Progressives were aware of some of these responses and rejected them. For example, Patten countered that “[d]ifficulties in towns are too massive to be surmounted by the altruism of such service as can be rendered by the mutual aid of family members and of neighbors.” Patten was at least partly correct. Urbanization led to an excess supply of labor and had in some respects made life more difficult for workers. As Ely pointed out, in early America, “independent farmers who tilled their own soil” could support themselves and thereby avoid being at the economic mercy of others. Moreover, “an abundance of unoccupied land furnished [a ‘hired man’] a frequent escape from his subordinate position.” Poverty was in some respects easier to bear in the agricultural economy that preceded the industrial economy. As Patten put it, the “poverty men of the country had some options in nature during the seasonal periods of plenty.” In that sense, they were more autarkic than urban dwellers, who had only their wages and who were therefore more vulnerable to unemployment.

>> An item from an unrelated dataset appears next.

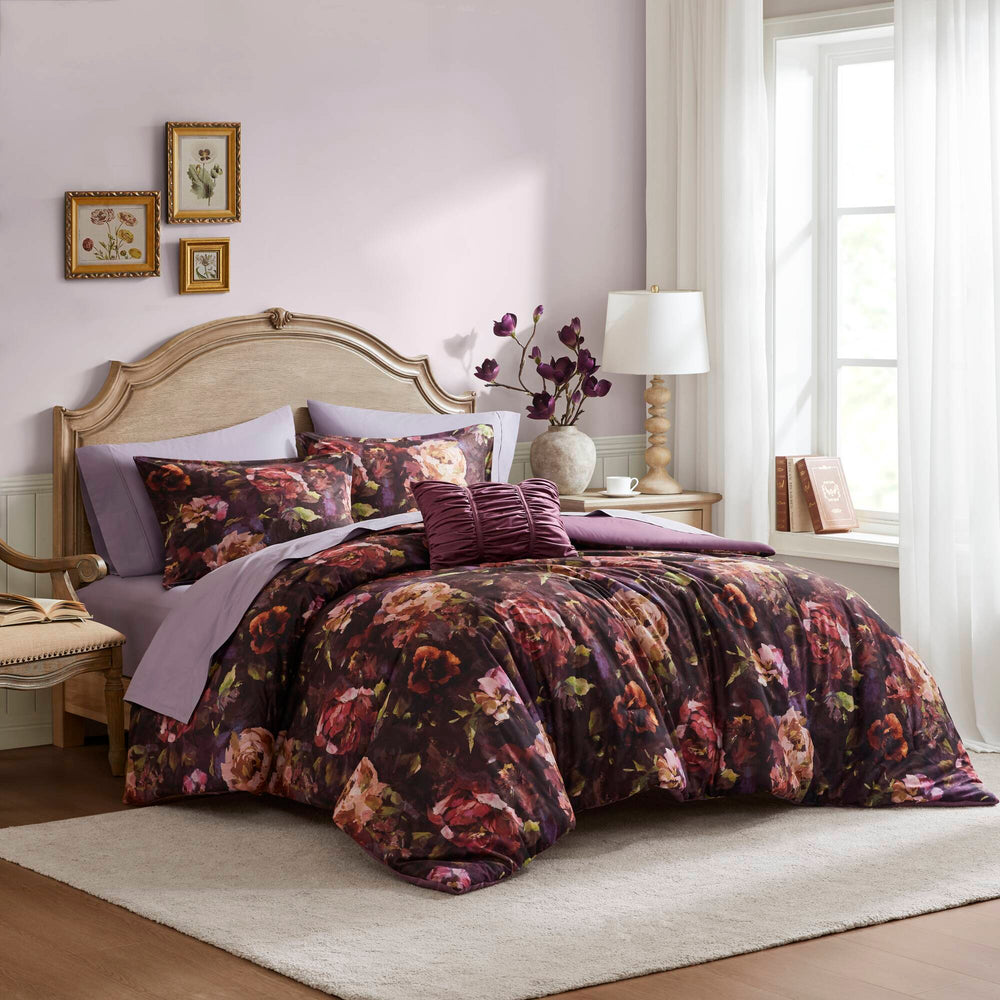 4-Piece Queen Velvet Comforter Set Media 1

But the economic vulnerability brought about by industrialization and urbanization was only part of the story. As even Patten acknowledged, pre-Industrial Era farmers were poor. As America industrialized, such men voluntarily urbanized in order to improve their material condition. Industrialization produced unquestionable benefits for millions of ordinary Americans, and so it was a great moral victory in the age-old struggle against poverty. All the same, urbanization then and now reveals a clear need for some way to ensure that the most vulnerable Americans do not starve in the event that their family and friends cannot help them during hard times. But unionization and the minimum wage were problematic solutions because of their harmful effects on vulnerable workers seeking employment.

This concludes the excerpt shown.